European consumers will save around 100 billion euros on their electricity bills thanks to new renewable energy installations in the period 2021-2023, without which wholesale prices would have been 8 % higher, an area in which Spain is an example.
According to the International Energy Agency (IEA), in the last 18 months, European countries have made more regulatory changes in favour of renewables than in the previous 10 years.
The accelerated deployment of renewables, with lower production costs, will allow 230 terawatt hours of fossil-fuel generated electricity to be dispensed with, resulting in savings.
The renewables boom
Between 2021 and 2022, the commissioning of 90 gigawatts of solar photovoltaic and wind power equipment will displace 10 % of electricity generation. A further 60 gigawatts will be added by 2023, bringing the share of fossil fuels that are not needed to 20 %.
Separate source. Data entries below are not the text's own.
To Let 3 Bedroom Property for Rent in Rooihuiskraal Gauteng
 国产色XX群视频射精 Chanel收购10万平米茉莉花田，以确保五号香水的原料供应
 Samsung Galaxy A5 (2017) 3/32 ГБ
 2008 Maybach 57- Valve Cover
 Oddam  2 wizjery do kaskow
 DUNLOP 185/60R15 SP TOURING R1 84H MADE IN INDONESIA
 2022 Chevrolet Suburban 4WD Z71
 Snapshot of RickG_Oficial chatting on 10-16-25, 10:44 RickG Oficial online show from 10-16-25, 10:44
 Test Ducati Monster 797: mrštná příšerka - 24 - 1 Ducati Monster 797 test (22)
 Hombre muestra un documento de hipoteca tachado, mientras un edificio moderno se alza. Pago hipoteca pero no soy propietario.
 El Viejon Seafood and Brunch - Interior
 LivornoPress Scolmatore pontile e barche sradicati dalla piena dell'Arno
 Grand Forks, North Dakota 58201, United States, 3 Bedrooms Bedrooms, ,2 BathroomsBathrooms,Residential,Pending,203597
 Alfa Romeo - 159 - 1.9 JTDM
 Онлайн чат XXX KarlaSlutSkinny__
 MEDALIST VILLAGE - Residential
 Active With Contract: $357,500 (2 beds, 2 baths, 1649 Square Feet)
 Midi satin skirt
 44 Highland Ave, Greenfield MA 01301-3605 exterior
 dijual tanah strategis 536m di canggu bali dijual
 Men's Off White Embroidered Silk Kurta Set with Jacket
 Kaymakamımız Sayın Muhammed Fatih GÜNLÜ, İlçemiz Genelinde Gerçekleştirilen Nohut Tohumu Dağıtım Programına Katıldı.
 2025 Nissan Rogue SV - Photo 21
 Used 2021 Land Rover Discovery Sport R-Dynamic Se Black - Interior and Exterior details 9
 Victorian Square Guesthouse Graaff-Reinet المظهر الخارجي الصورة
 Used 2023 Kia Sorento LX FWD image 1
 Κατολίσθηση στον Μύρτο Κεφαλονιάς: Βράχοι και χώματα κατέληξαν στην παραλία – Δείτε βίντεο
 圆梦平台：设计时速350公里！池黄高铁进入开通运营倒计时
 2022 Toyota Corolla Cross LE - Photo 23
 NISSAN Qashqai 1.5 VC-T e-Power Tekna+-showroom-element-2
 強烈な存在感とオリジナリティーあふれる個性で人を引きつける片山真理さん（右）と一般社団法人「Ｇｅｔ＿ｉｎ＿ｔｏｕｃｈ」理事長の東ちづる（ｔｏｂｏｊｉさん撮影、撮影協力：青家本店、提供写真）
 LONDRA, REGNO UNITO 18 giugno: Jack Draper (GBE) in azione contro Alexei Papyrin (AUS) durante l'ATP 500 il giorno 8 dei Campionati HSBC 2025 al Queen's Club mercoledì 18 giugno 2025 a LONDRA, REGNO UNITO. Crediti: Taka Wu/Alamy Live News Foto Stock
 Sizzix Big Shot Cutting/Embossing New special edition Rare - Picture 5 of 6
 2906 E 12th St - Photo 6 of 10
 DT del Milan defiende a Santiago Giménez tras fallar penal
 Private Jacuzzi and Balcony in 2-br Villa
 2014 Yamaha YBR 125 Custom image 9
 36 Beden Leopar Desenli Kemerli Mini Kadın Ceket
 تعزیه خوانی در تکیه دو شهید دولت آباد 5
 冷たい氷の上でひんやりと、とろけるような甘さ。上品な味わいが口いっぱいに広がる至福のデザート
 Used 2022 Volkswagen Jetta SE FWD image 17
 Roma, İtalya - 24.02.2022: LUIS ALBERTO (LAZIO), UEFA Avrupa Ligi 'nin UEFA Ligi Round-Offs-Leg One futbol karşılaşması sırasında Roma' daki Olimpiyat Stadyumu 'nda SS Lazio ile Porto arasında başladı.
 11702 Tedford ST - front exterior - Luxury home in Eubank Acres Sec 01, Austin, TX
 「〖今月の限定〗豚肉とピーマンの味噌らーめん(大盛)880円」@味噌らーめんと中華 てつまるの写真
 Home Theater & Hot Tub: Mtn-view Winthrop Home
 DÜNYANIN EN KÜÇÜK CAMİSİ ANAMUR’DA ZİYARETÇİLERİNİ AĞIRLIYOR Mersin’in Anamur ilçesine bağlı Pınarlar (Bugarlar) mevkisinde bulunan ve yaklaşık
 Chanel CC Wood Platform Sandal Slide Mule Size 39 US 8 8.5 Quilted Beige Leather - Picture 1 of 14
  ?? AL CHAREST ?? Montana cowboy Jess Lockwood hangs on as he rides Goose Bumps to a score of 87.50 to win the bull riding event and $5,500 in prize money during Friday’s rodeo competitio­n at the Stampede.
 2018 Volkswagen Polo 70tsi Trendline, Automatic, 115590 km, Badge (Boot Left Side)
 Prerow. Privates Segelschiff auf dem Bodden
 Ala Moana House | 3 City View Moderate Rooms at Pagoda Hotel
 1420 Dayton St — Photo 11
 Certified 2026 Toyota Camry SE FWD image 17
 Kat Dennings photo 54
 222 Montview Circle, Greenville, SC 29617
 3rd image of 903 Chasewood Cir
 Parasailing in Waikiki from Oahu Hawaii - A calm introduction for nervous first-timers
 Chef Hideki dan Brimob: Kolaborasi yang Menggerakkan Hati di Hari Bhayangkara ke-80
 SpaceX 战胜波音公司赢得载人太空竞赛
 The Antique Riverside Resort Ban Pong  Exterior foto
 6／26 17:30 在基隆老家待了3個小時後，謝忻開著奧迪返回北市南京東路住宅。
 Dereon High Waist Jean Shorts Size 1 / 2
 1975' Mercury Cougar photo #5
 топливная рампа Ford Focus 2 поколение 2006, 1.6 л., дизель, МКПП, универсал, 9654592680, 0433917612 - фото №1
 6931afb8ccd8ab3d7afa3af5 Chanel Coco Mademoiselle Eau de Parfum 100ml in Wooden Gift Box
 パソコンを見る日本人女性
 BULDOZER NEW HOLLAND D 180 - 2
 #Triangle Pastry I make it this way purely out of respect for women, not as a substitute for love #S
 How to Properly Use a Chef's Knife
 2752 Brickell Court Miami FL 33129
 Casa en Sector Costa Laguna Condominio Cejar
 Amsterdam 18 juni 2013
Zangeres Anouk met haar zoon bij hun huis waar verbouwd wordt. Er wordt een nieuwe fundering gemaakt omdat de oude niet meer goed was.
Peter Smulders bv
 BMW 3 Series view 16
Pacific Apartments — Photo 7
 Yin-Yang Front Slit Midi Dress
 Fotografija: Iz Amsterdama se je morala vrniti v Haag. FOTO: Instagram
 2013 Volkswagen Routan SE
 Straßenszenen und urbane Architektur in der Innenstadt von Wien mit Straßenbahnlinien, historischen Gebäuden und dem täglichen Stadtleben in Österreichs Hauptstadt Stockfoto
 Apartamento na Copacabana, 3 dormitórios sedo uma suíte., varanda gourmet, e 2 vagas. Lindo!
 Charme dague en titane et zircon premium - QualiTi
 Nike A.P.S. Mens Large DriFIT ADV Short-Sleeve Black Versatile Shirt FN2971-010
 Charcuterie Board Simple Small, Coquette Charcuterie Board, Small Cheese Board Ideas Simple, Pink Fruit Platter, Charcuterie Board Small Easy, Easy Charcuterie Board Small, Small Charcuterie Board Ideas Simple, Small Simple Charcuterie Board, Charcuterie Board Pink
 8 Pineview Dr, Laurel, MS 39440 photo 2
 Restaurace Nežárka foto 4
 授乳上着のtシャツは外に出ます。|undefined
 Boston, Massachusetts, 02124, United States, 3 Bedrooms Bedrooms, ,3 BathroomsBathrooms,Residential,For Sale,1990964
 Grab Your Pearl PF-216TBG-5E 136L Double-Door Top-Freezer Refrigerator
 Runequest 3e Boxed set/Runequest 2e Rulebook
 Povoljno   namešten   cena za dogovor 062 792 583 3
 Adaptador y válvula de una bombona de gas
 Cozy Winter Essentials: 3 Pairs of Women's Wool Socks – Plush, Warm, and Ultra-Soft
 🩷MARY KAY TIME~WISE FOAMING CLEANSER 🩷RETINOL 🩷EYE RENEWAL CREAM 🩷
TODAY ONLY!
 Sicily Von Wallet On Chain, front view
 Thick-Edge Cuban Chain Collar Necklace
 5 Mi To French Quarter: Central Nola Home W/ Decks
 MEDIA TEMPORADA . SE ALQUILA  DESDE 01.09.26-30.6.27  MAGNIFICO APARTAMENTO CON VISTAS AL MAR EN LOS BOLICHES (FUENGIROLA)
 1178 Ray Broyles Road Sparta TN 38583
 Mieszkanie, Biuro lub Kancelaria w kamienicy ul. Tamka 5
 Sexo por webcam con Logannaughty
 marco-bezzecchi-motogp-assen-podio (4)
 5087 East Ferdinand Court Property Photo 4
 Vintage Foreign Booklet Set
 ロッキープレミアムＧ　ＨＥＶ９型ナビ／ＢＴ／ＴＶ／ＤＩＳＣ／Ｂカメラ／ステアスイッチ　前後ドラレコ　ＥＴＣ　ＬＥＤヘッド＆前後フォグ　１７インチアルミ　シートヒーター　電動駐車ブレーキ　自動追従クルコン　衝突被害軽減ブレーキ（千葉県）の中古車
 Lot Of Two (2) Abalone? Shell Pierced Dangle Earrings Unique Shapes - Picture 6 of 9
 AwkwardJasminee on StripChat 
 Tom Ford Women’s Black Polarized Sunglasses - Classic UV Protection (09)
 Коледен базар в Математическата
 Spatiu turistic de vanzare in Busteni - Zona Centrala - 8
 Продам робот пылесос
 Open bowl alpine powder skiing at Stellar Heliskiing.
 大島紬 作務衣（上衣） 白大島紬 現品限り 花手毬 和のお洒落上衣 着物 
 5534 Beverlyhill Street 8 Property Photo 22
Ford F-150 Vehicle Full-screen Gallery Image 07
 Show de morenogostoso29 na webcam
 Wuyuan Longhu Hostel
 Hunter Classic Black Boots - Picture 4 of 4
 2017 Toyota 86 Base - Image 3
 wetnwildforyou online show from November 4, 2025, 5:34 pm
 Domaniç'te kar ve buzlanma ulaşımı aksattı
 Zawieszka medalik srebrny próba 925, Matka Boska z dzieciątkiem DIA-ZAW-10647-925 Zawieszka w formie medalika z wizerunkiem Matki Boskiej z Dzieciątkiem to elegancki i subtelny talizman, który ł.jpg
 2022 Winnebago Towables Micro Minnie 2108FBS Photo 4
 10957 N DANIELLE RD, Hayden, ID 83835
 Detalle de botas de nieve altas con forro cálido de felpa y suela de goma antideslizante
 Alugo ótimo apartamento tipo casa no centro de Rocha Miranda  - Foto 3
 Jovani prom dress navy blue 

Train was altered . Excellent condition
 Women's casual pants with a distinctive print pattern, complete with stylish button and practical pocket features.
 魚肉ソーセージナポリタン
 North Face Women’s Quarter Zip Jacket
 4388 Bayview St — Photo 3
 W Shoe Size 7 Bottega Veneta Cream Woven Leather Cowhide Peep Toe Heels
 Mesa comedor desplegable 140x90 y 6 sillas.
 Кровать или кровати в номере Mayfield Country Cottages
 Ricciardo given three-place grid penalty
The agency cites two countries as examples, the first being Spain, where new renewable installations save 60 % of the 6.3 billion euro budget allocated to reduce wholesale electricity prices.
In Germany, these savings pay for the German government’s recent proposal to contain electricity prices until 2030.
It is estimated that the new capacity to be installed between 2023 and 2024 will be 38% higher than anticipated in December 2021, a few weeks before the Ukrainian war broke out.
Photovoltaics for the European Union
The bulk of this upward revision (74%) is due to solar PV and, by a large majority (82 %), from six key markets: Germany, Spain, the Netherlands, France, Italy and Sweden.
Taking into account that new renewable capacities in the period 2021-2023 for the EU as a whole represent an investment of around 200 billion euros, half of this money will already have paid for itself by the end of this year, in the form of reduced bills for consumers.